Keep the text of the data exactly as it is and omit each picture from the copy.

+++ Data +++

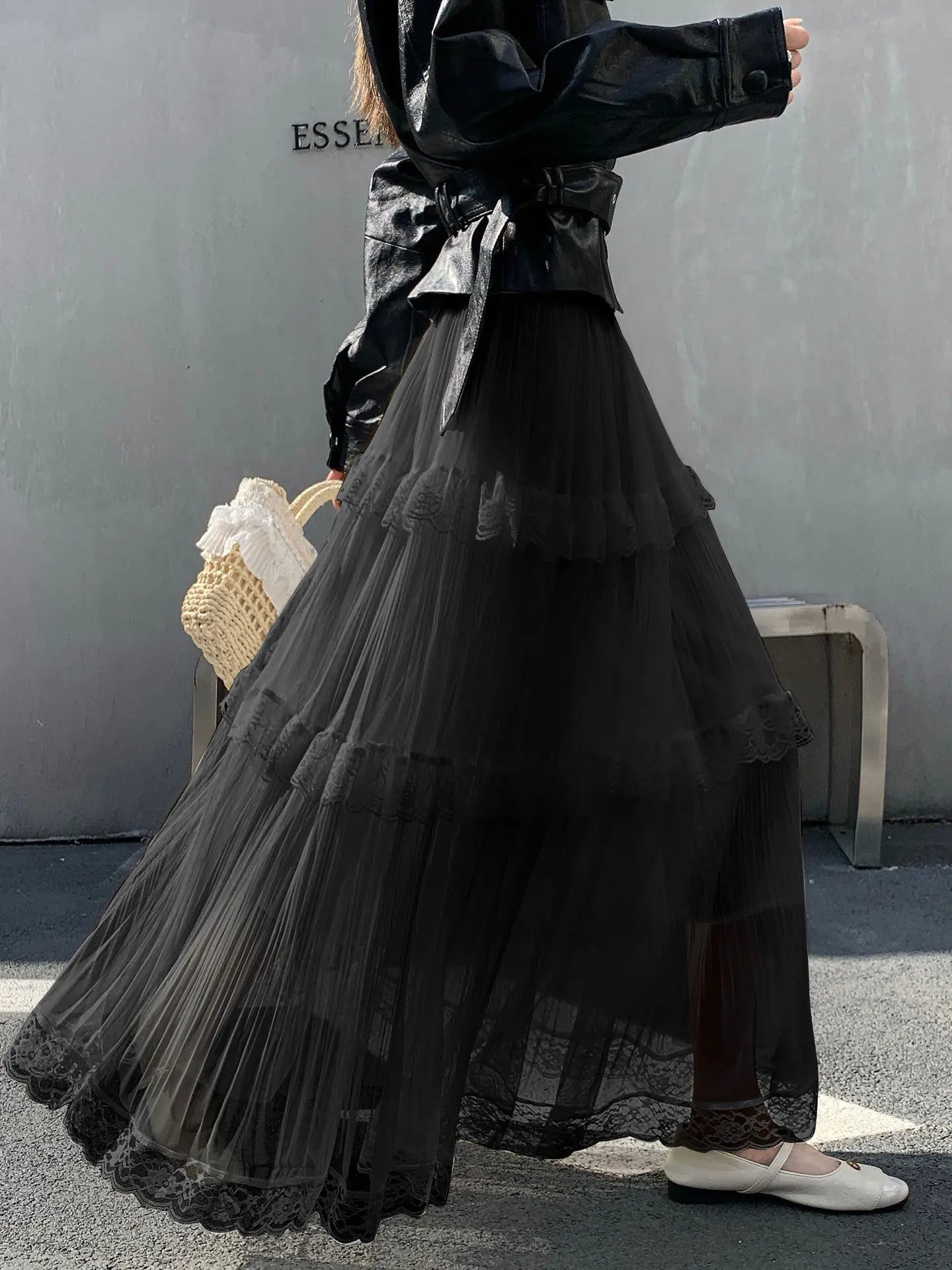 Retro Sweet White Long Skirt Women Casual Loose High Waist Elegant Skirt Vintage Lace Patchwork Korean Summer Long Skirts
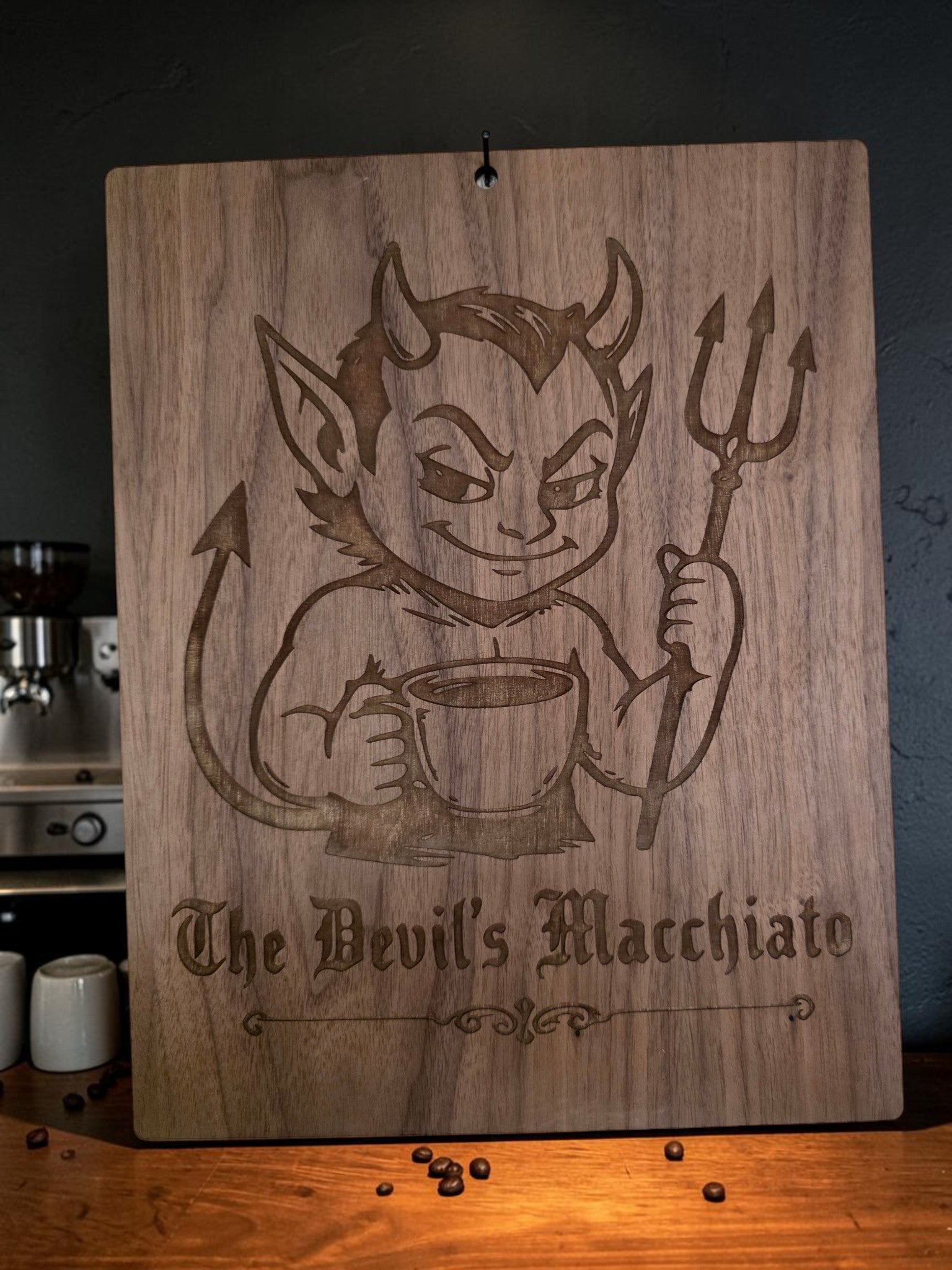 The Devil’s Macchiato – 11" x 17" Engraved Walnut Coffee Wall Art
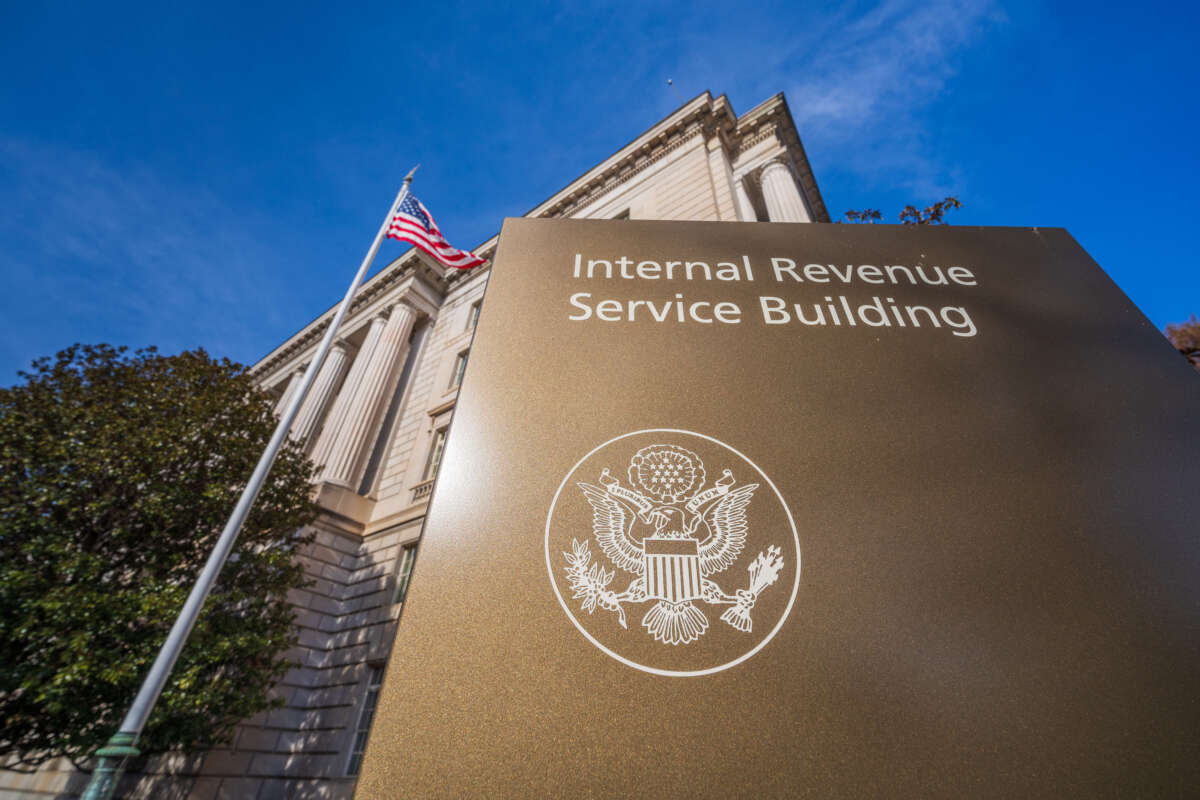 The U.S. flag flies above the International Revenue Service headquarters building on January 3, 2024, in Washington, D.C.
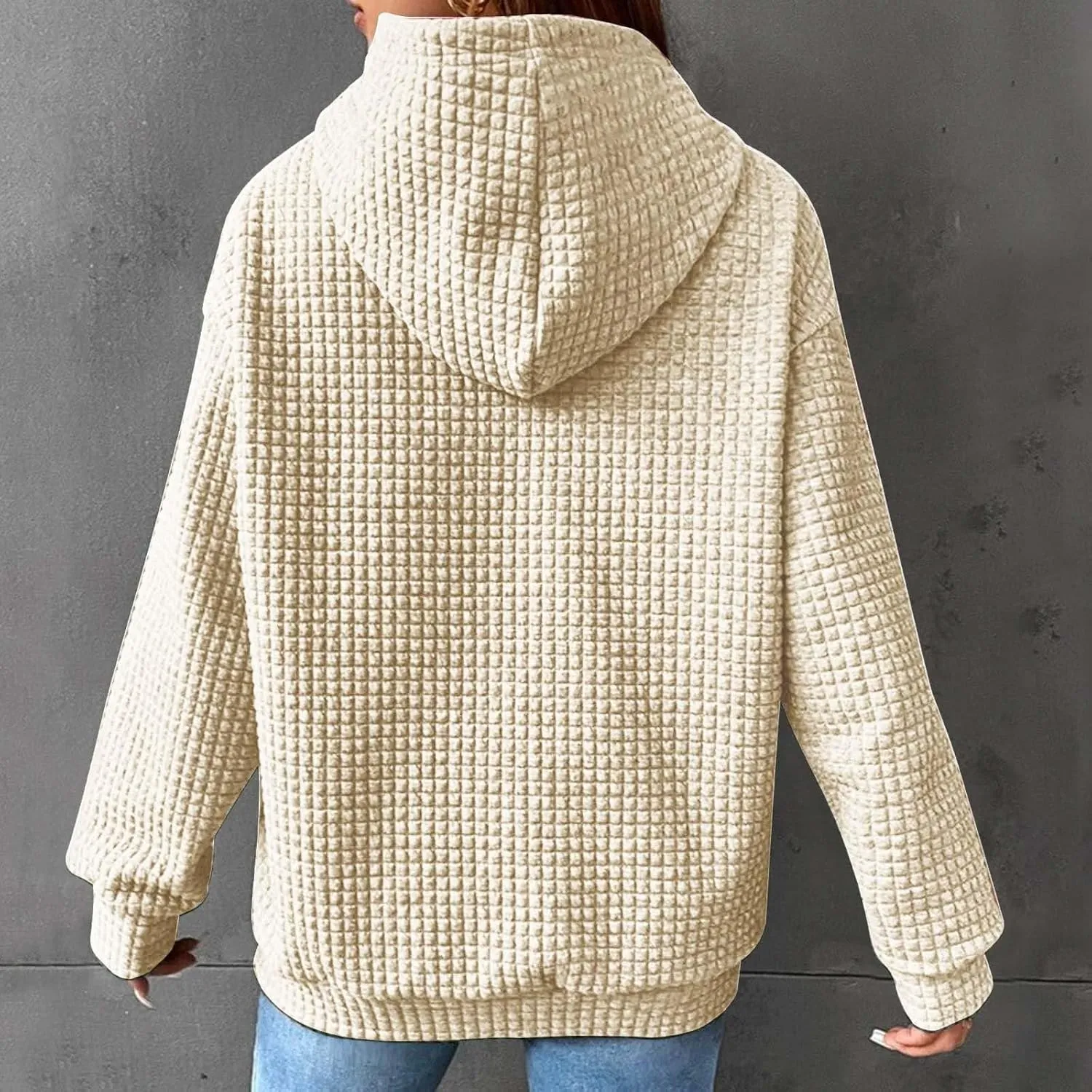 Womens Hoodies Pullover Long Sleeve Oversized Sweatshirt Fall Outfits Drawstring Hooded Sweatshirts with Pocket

+++

> [Written response]
 Retro Sweet White Long Skirt Women Casual Loose High Waist Elegant Skirt Vintage Lace Patchwork Korean Summer Long Skirts
 The Devil’s Macchiato – 11" x 17" Engraved Walnut Coffee Wall Art
 The U.S. flag flies above the International Revenue Service headquarters building on January 3, 2024, in Washington, D.C.
 Womens Hoodies Pullover Long Sleeve Oversized Sweatshirt Fall Outfits Drawstring Hooded Sweatshirts with Pocket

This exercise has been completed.